Since the node with maximum degree has a most hop neighbor numbers, and the neighbor node of node can be visited directly
It measures, therefore shaded nodes can be eliminated to the maximum extent.
Step S2: the current probe node and its neighbor node are removed from the shaded nodes set, and calculated
The detective path of the current probe node each node into the shaded nodes set.
Specifically, it is assumed that administrative center's sink node grasps the topological structure of the whole network and the real time electrical quantity letter of each node
Breath, can calculate egress to the detective path of certain node using routing algorithm, the purpose of the step is for subsequent carry out shade
The judgement of node provides foundation.
In this step, current probe node detective path of each node into the shaded nodes set is calculated
Steps are as follows:
(1) calculate arrive shaded nodes estimate cost: estimate cost be node according to itself to destination region distance and
Numerical value after the dump energy two parts normalization of itself, calculation are as follows: c (N, R)=ad (N, R)+(1-a) e (N).
Wherein, c (N, R) indicates that the estimate cost of node N event area R, d (N, R) indicate distance of the node N to event area, e (N)
Indicate the dump energy of node N, a is normalization scale parameter.
(2) after node sends detection, cost information is chosen in neighbor node with greedy algorithm and is worth the smallest node work
For next-hop node.
(3) routing cost of oneself is set as next-hop node cost plus the cost of itself a jump communication.
(4) to the routing cavity problem being likely to occur, i.e. certain node finds that the cost value of its neighbor node is all bigger than itself,
It then chooses the smallest neighbor node of cost information to be forwarded, walks out cavity.
Step S3: judging whether the current probe node is first probe node, if so, S5 is thened follow the steps, it is no
Then follow the steps S4;
Step S4: the current probe node detective path of each node and has been selected into the shaded nodes set
Probe node detective path of each node into the shaded nodes set is compared, and is obtained in the shaded nodes set
The standalone probe path that each node has will have the node not less than k standalone probe path from the shaded nodes collection
It is removed in conjunction, wherein k indicates the number of nodes in the network there are failure.
Specifically, standalone probe path refer to reach two detective paths of same destination node independently of each other when and only
When no identical forward direction node, i.e. the two is non-intersecting.Based on the definition in standalone probe path, there are k in default network
Under the premise of malfunctioning node, it is not the neighbours of probe node and includes to be known as shade less than the node of the independent detective path of k item
Node.Therefore, eliminating shaded nodes is exactly to carry out the main purpose of probe node selection, with the continuous determination of probe node,
The number of shaded nodes also gradually reduces.

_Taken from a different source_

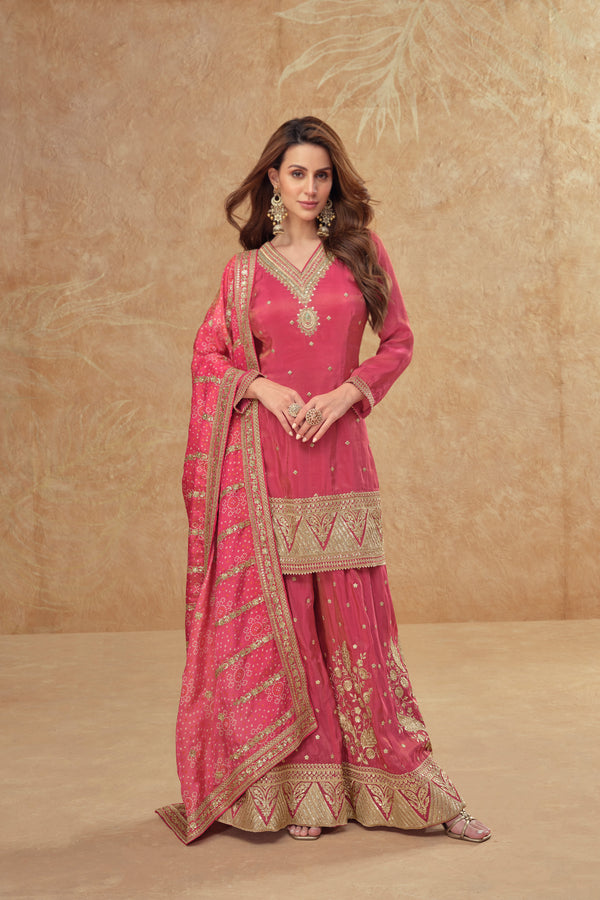 Evanik Party Wear Cosmos Silk With Sequins Embroidered Work Palazzo Set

Optionally, indicate to have selected the collection of probe node detective path of each node into the shaded nodes set with PT
It closes, PS indicates the set of current probe node detective path of each node into the shaded nodes set, then this step packet
It includes:
PT is traversed, if the detective path traversed and certain detective path purpose shaded nodes having the same and phase in PS
Mutually independent, then the standalone probe number of path N that the shaded nodes have adds 1;
If N is more than or equal to k, which is removed from shaded nodes set;Wherein, k is indicated in the network
There are the number of nodes of failure.
PS is put into PT.
Traversal has selected the detective path set of probe node each node into the shaded nodes set,
Step S5: under being chosen according to the geographical position coordinates of each node in the shaded nodes set using genetic algorithm
One probe node, and using the probe node of selection as new current probe node, return step S2, until described selected spy
The quantity for surveying node reaches preset upper limit value or the shaded nodes collection is combined into sky.

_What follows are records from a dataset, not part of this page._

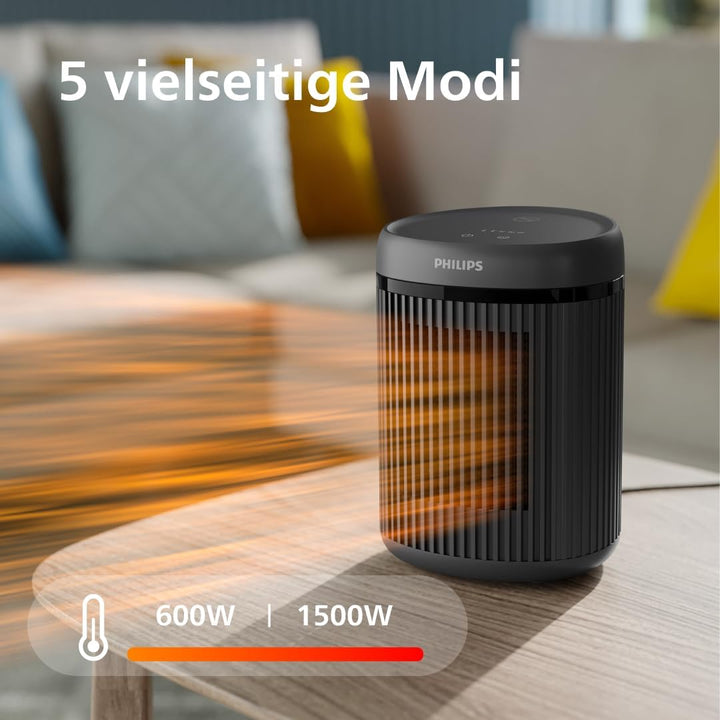 Philips 2000 Serie Energieeffizienter Heizlüfter 1500 W, bis zu 25% Energieeinsparung, leise 24 db(A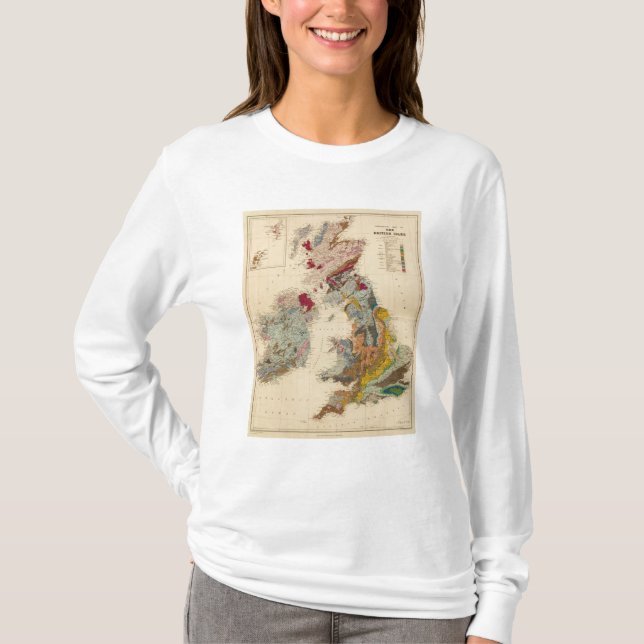 Camiseta Mapa geológico, islas británicas (Anverso)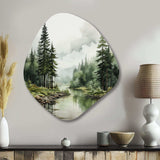 Pine Tree Silent Wilderness - Asymmetric Metal Wall Art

In the present embodiment, as shown in Fig. 2, Fig. 2 shows another embodiment of the present invention provides step S5 according to institute
The method that the geographical position coordinates of each node in shaded nodes set utilize genetic algorithm to choose next probe node is stated, it should
Method includes the following steps:
Step 201: choosing several nodes from the shaded nodes set at random as initial population, and to the section
The geographical location of point carries out binary coding and obtains the gene of individual.
Specifically, this step randomly selects four nodes as initial population first, and to initial population individual according to
Gene coding, and coding rule are carried out according to its geographical coordinate are as follows: are converted binary number for the coordinate vector (x, y) of node and gone forward side by side
Row height bit combination.Node similar in geographical location has similar routing characteristic, therefore the yin discharged when as node
Film festival points are also similar.
Step 202: according to the fitness of the standalone probe path computing individual of the shaded nodes set interior joint.
Wherein, individual adaptation degree function to the effect that calculates the shaded nodes that current candidate node (individual) can be eliminated
Number, as the return value of function after it being used the dump energy of the both candidate nodes weight.It is this to design while having also contemplated energy
Influence of the amount problem for node selection.
Step 203: being calculated according to the fitness of the individual uncorrelated between individual adaptive crossover mutation and individual
Property, it establishes and intersects group of individuals merging completion Population breeding.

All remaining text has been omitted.